Despite the significant achievements of the model in this study for ECG signal classification tasks, we recognize that there is room for improvement. Future research may explore more complex model structures and advanced feature extraction techniques to enhance the model's classification performance. In summary, our study has not only enhanced the performance of ECG signal classification by applying interpretability analysis techniques to deep learning models but also provided new tools and a theoretical foundation for the automated analysis of ECG signal classification. We believe that these achievements will have a profound impact on the early diagnosis and personalized treatment of heart diseases.
5. Conclusions
In this study, we have successfully developed and evaluated a CNN-based ECG signal classification model that specifically addresses the issue of class imbalance and significantly improves the model's interpretability. By employing the SMOTE technique, we have enhanced the model's capacity to recognize samples from minority classes. Utilizing UMAP dimensionality reduction technology and SHAP value analysis, we have not only revealed the model's classification decision boundaries but also quantified the contribution of each ECG signal feature to the predictive results.
The experimental outcomes have demonstrated our model's exceptional performance across various evaluation metrics, including accuracy, recall, precision, F1 score, AUC, and AP. These results substantiate the model's efficiency in managing imbalanced datasets and highlight its potential applicability in clinical diagnosis. Notably, SHAP value analysis has unveiled key features of ECG signals associated with heart diseases, providing clinical physicians with new tools to better understand and trust the model's decision-making process.
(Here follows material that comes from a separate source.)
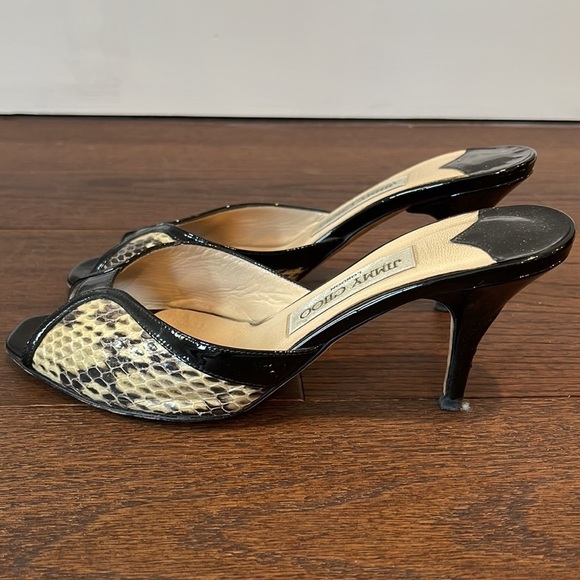 JIMMY Choo Black Snake Skin Heels Size 37.5/7.5 - Picture 4 of 7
While our model has achieved significant accomplishments in ECG signal classification tasks, we recognize that there is potential for further improvement. Future research may explore more complex model structures and advanced feature extraction techniques to enhance the model's classification performance. In summary, by applying interpretability analysis techniques to deep learning models, our study has not only enhanced the performance of ECG signal classification but also provided new tools and a theoretical foundation for the automated analysis of ECG signal classification. We believe that these achievements will have a profound impact on the early diagnosis and personalized treatment of heart diseases.